Cruzó la habitación mientras hablaba, haciendo un gesto breve y elegante con una de sus manos esbeltas y enjoyadas, y la seguí hasta las butacas al lado de la chimenea. Vestía más o menos igual que en mi primera visita, un lino oscuro arrugado, una bufanda de seda anudada al cuello y un par de zapatos embetunados que atraían un poco la mirada. Me miró con afecto y dijo:

– Caroline me ha dicho lo que está haciendo por Roderick. Le agradezco muchísimo que se interese por él. ¿Cree realmente que ese tratamiento será beneficioso?
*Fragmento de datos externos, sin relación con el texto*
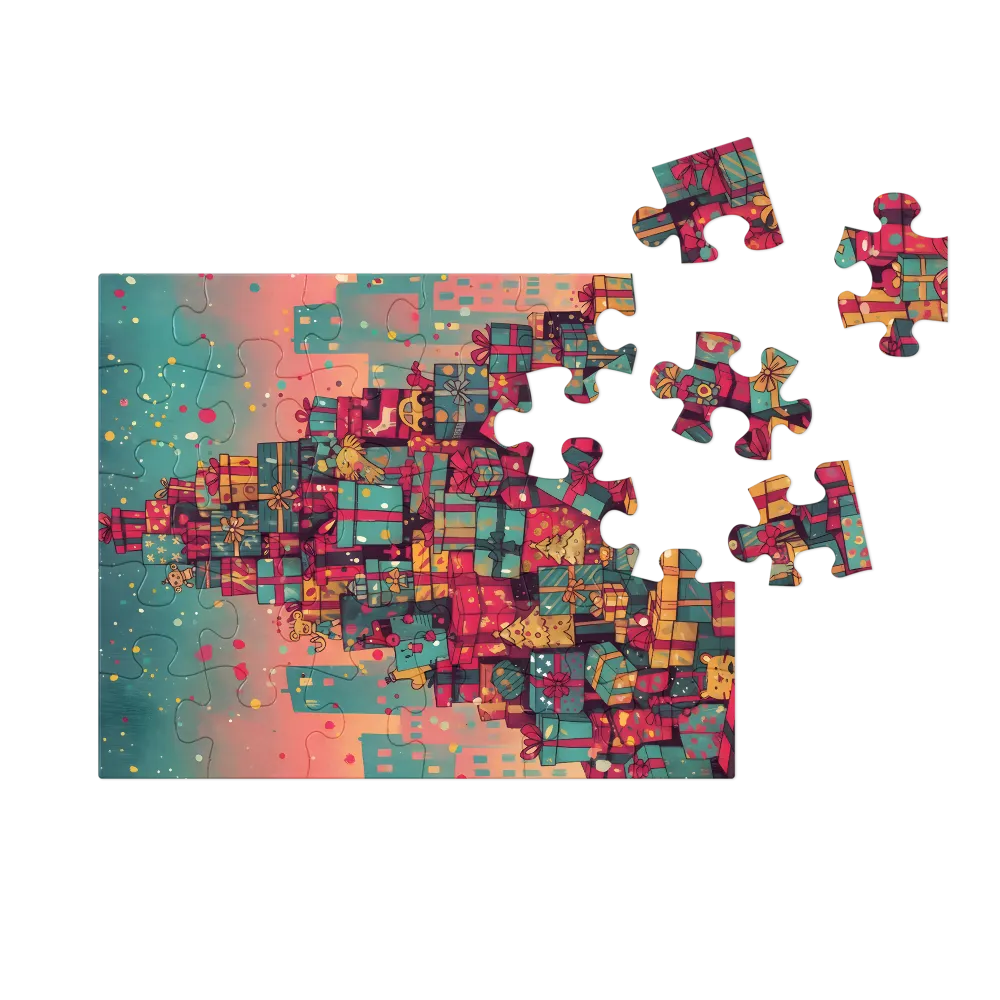 Mountain of Gifts 
 Jigsaw Puzzle in Tin Box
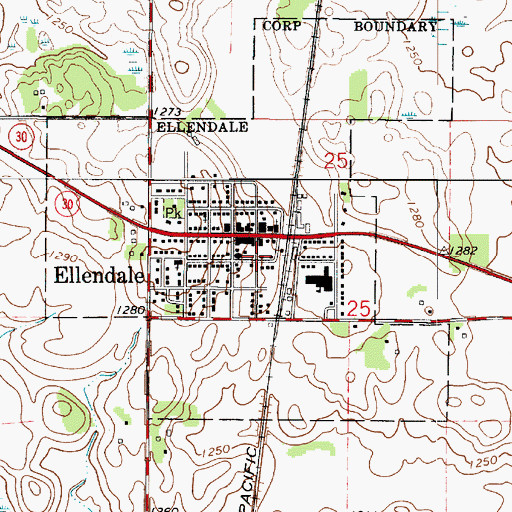 Topographic Map of Ellendale Post Office, MN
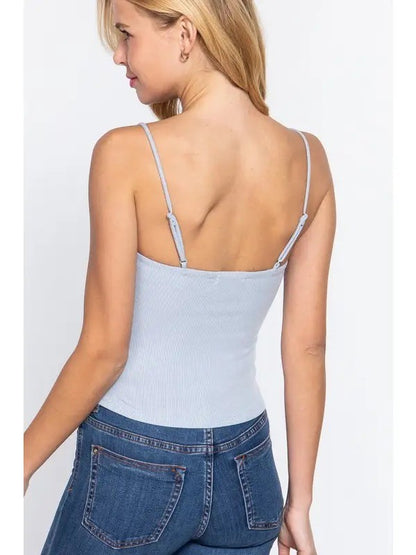 Ribbed Double Layer Tank - Robin|7398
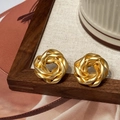 French style matte gold irregular spiral knot earrings with elegant brushed texture - Matte Gold (A-1368 Earrings)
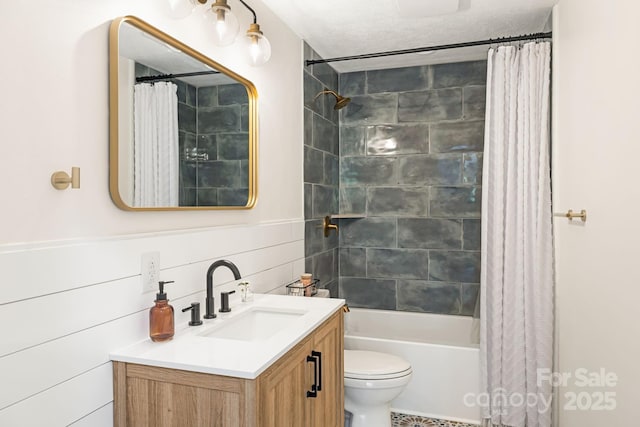 487 Duncan Creek Rd, Fletcher, NC 28732 - full bathroom featuring vanity, shower / bathtub combination with curtain, and tile walls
– Bueno, hasta ahora los síntomas son buenos.

– Más que buenos -dijo Caroline, sentándose en el sofá con un ruido sordo-. El doctor se hace el modesto. Es un verdadero cambio, madre.

– ¡Pues qué maravilla! Ya sabe, doctor, lo mucho que trabaja Roderick. Pobre chico. Me temo que no tiene la mano que tenía su padre para la finca. No tiene su sensibilidad para la tierra y sus cosas.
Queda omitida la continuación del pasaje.